Selon l'analyste de Jarden, Ben Gilbert, il semble qu'une partie des recettes de la réduction d'impôt de la phase 3 ait été dépensée par les ménages, mais « peut-être pas autant que nous l'aurions attendu ou espéré ».
« Nous avons constaté une légère reprise des dépenses en juillet et en août, mais pas de manière significative. Certaines catégories qui auraient pu connaître un léger rebond, comme la restauration rapide, n’ont pas connu de hausse », explique-t-il.
Dans l’ensemble, le tableau qui se dégage est que les ménages restent assez à court d’argent.
Gilbert souligne les faibles performances des opérateurs de KFC, Collins Foods, et du propriétaire de Dan Murphy's, Endeavour Group.
Il est important de noter qu'il ne s'agit pas d'une faiblesse généralisée. Selon Gilbert, les réductions d'impôts ont probablement eu des effets différents sur les habitudes de consommation selon les groupes d'âge.

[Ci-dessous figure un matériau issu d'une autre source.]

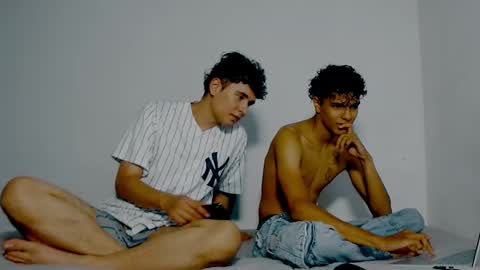 Snapshot of james_dreams_ chatting on 12-06-24, 01:29 James online show from 12-06-24, 01:29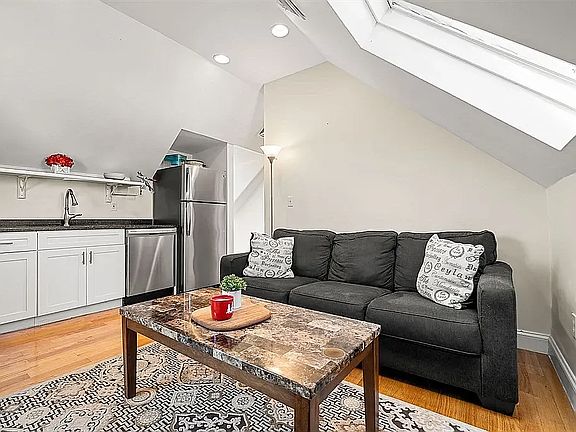 5th image of 2509 Massachusetts Ave #3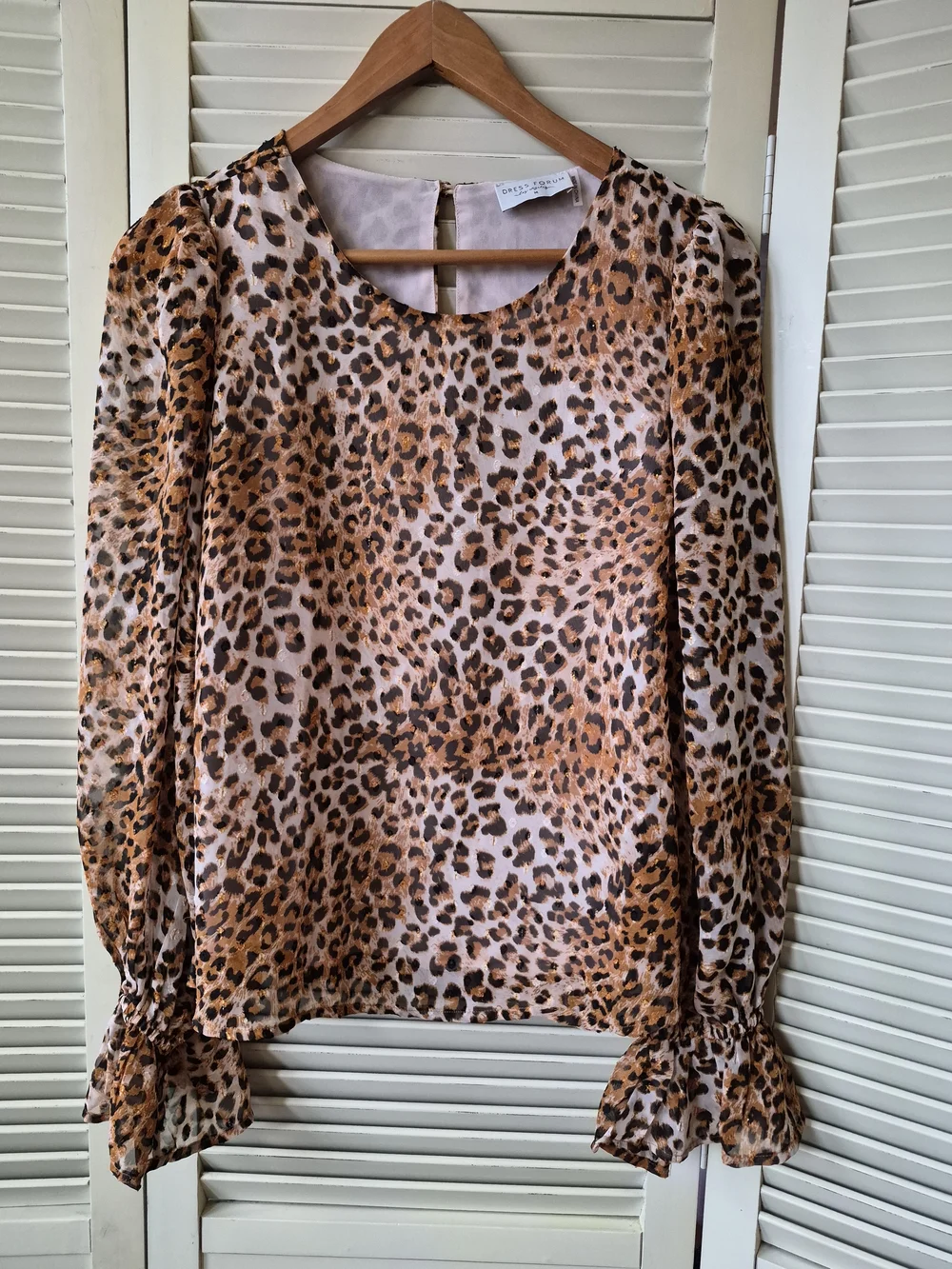 Dress Forum Leopard Print Blouse Size Medium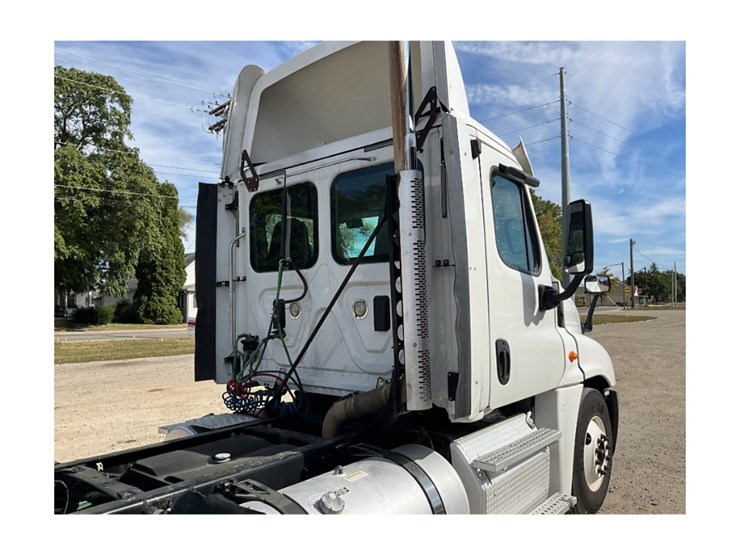 2014-freightliner-ca125-day-cab-image-10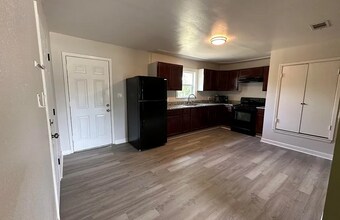 602 W Avenue B in Copperas Cove, TX - Foto de edificio - Building Photo
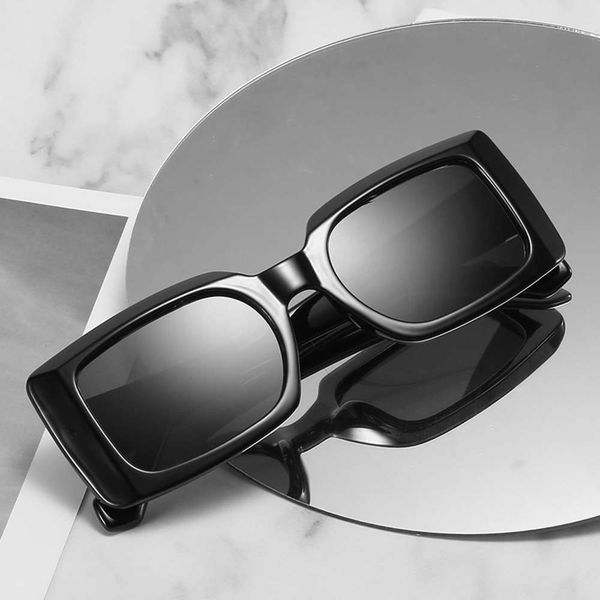 rectangle tiaodi sunglasses fashion women street sunglasses korean personalized hip hop glasses, White;black
rectangle tiaodi sunglasses fashion women street sunglasses korean personalized hip hop glasses, White;black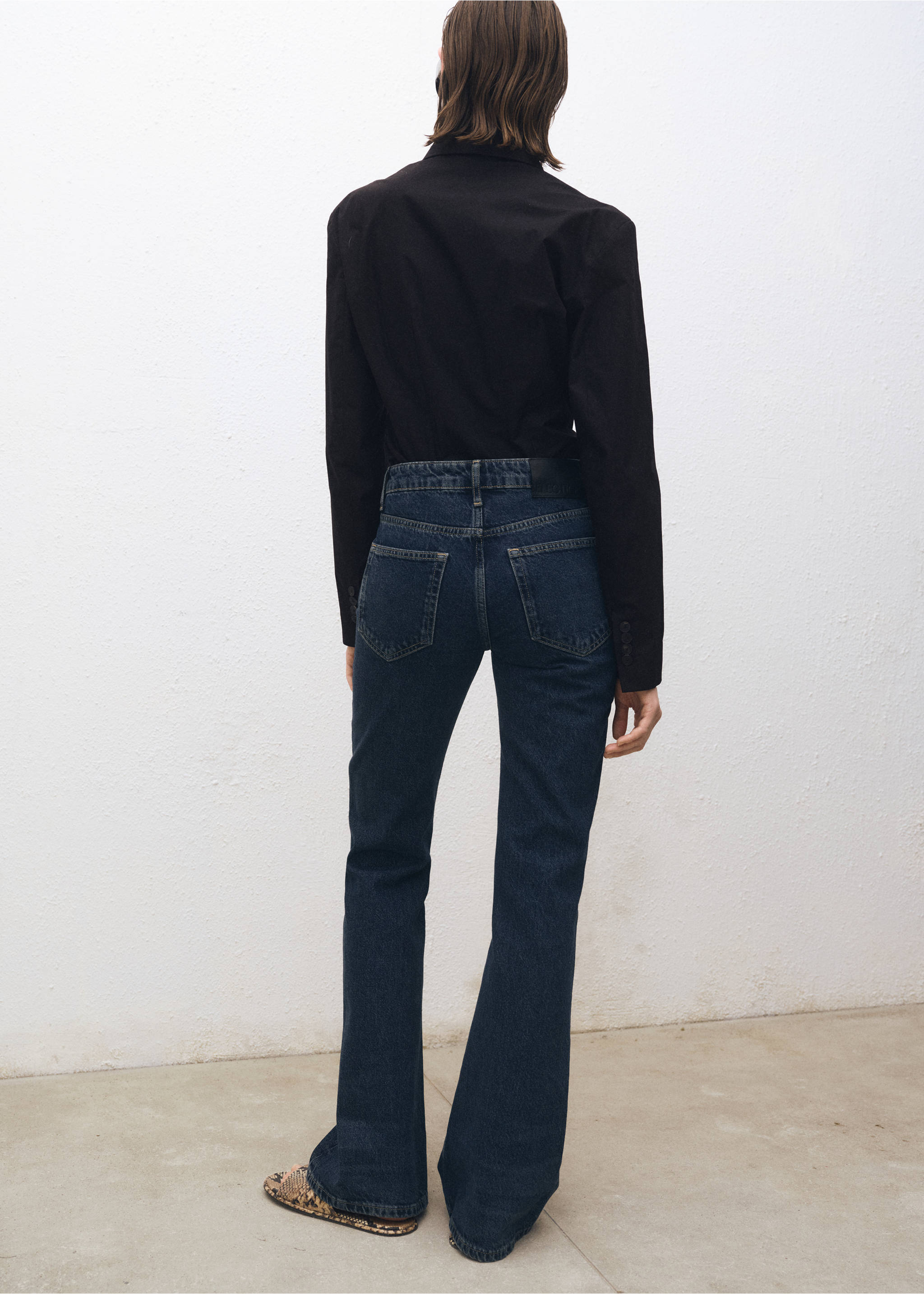 High-waist flared jeans - Achterkant van het artikel, Donkerblauw. Ref: 87024081-00.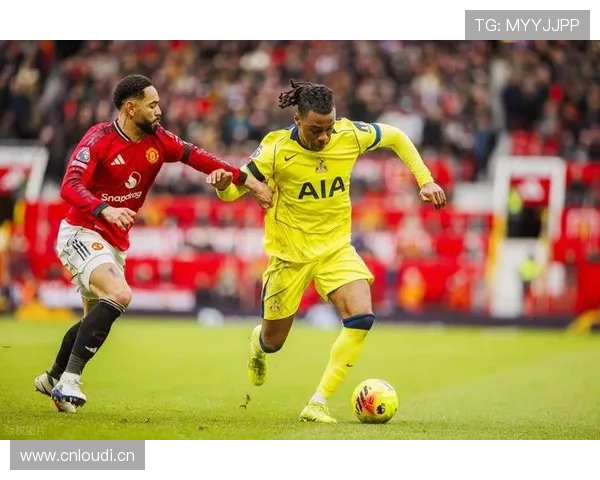 埃默森在热刺新赛季开局表现稳健，成为球队防线的坚实屏障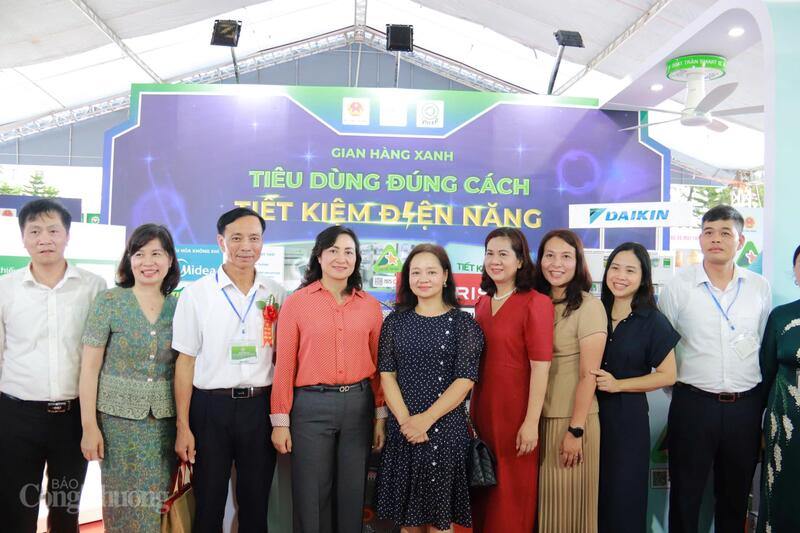 Thứ trưởng Bộ Công Thương Phan Thị Thắng tham quan gian hàng của Cục Đổi mới sáng tạo, Chuyển đổi xanh và Khuyến công. Ảnh: Nguyễn Nam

Pour les générations plus âgées qui vivent de leur retraite, les réductions d’impôts auraient eu un impact assez limité, dans de nombreux cas. Les familles ayant de gros emprunts hypothécaires auraient souvent bénéficié d’économies substantielles grâce aux réductions d’impôts, mais beaucoup d’entre elles auraient dû utiliser cet argent pour mettre de l’ordre dans leurs finances plutôt que pour augmenter leurs dépenses. Les jeunes consommateurs auraient peut-être dépensé un peu plus de ces réductions d’impôts, dit-il, soulignant les bons résultats obtenus par le détaillant Universal Store, qui s’adresse aux jeunes, et par le géant de l’électronique JB Hi-Fi.
Il est encore tôt pour que ces réductions d’impôts entrent en vigueur, et les dépenses pourraient encore reprendre pendant le Black Friday et à l’approche de Noël.
Dans l'ensemble, le constat qui se dégage est que les ménages restent assez à court d'argent. C'est important car les dépenses des ménages représentent environ 60 % de l'ensemble de l'activité économique et la plupart des économistes s'attendent à ce que ces dépenses rebondissent au cours de ce semestre, à mesure que l'inflation ralentit. Si cette reprise des dépenses est faible, elle se traduira par une croissance économique plus faible.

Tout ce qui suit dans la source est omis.